Benefits for E-Resource or Acquisitions Librarians

You’re responsible for purchasing the majority of electronic resource subscriptions for your institution.  Along with that responsibility typically come a variety of joys: submitting lists of IP address ranges to the provider; verifying that it gets turned on when purchased; notifying everybody from cataloging to IT to administration to public services that the new subscription is available; then following up with the inevitable access problems every time a campus network changes.  These responsibilities and often thankless tasks are at the core of nearly all e-resource access concerns.
Callisto was designed for you more directly than anyone else.  The more e-resource subscriptions you have and the larger or more distributed or complex your campus/organization is, the more Callisto will do for you.  Shortly after deploying Callisto, you will experience an odd sense of wonder if things are real — like the protagonist of a Twilight-Zone episode.  Then as you become assured that our reports are real, you’ll be asking “Why couldn’t we have this service years ago?!”
You’ll spend far less time troubleshooting and communicating about inconsistent access problems.  You’ll spend less time contacting and re-contacting your publishers & content providers because you’ll know exactly what to tell them to correct the first time.  You’ll no longer have to waste time testing websites to see if your new subscriptions have become active yet.

Example Scenario 1:

You get a vague report forwarded to you which originally came from a graduate student trying to use the new e-book collection.  They claim the site won’t let them check out the book they want and surprisingly they even gave the book’s title in the message.  So you log into the same site and the book is available and the site seems to be working perfectly.  Last time you had a situation like this you got caught in a lengthy series of back-and-forth messages where the patron only answered one of several questions each time.  You wanted to know where they were connecting from, whether they went through the library proxy server, what day and time it was, and which web browser type they used, and so on.

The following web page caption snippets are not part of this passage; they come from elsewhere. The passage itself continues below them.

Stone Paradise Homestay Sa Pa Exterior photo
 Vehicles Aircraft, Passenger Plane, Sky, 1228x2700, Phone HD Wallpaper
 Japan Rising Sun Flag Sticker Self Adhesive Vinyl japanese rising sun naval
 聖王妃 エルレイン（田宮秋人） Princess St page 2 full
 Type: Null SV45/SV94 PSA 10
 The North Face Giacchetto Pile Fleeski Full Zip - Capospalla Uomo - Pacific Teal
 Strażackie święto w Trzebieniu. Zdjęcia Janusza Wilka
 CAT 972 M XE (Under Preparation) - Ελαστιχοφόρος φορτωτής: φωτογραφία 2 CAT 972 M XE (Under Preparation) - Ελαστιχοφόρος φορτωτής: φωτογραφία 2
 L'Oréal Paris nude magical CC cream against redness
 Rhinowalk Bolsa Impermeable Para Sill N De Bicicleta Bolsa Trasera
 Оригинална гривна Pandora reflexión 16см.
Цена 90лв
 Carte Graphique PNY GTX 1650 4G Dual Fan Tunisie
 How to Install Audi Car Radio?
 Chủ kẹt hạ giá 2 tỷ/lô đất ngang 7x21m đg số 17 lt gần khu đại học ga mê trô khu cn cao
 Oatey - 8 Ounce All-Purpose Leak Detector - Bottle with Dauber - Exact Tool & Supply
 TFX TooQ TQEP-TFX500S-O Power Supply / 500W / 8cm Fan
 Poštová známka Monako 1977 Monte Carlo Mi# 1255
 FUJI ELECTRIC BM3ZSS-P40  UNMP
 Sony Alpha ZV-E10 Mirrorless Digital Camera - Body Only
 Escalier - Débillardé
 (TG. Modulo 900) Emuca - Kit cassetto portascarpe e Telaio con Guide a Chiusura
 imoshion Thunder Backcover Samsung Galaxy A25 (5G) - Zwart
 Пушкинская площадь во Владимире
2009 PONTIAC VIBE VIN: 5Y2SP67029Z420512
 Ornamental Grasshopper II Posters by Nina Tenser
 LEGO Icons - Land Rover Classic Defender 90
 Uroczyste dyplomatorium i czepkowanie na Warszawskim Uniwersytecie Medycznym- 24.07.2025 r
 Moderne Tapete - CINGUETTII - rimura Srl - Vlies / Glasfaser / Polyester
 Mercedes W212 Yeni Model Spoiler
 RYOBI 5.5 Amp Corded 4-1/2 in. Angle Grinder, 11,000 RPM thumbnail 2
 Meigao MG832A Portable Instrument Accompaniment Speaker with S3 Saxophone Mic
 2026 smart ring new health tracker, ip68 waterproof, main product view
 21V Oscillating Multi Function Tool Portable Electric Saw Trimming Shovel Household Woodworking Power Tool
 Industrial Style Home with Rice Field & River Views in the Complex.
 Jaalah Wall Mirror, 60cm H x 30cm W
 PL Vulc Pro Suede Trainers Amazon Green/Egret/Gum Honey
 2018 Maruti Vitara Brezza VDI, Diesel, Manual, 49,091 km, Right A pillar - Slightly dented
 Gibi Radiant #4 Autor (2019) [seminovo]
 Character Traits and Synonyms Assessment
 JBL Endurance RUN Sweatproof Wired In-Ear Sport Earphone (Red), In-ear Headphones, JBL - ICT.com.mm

But then you remember you just subscribed to Callisto this week.  You take a quick look there before replying to the patron to start a series of questions.  You look at the recent events logged and see that the e-book site was up and down twice the same morning that the patron sent the message about their problem.  With that information and your own confirmation that the book is now available, you reply to the patron with a much simpler suggestion — simply try it again now, the e-book database was not functioning correctly at that time. 

Example Scenario 2:

You just found out that campus IT has attained a new range of IP addresses and started allocating them to departments.  Faculty in those new departments are aggravated and complaining because every time they want to use e-resources they have to activate the campus VPN or follow links through the library’s catalog to enable EZproxy.   Your library Director keeps getting cornered at the Deans’ meetings and is thus putting the pressure on you to fix the problems.  Despite accepting that the problem wasn’t your fault, your Director still wants them fixed ASAP.

Here’s where Callisto comes in.  IT or someone else in one of the affected new departments installs a Sharp Moon remote-access probe and you activate that new network range in Callisto’s management interface.  In an hour you’ll have a complete list of your e-resource providers giving a virtual and dynamic checklist of which providers still need to be contacted.  Someone still has the work of contacting, but verifying them and notifying other staff of the availability becomes automatic.

Example Scenario 3:

Your library has acquired many online journal subscriptions over a period of 10 years.  Since many of these came “free with print”, your departmental/subject librarians became the de-facto contacts to those publishers.  Now you have no idea which of the many campus IP address ranges were supplied for each subscription over the years, but you’re pretty sure it’s a mess from the variety of user complaints.

Callisto is the answer.  With one or more remote-access probes installed in each campus network that should have access to some or all of your subscriptions, you’ll get a real-time “map” of all your e-resource providers and from where each is accessible.  You or Library IT will need to work with either central IT or someone in each network region to install one probe in the non-library networks.

Faculty researchers should be especially supportive and cooperative with this once you explain the increased scope and consistency of access to vital resources that will result.  Fortunately the probe software runs on any Windows computers and requires no local configuration or maintenance.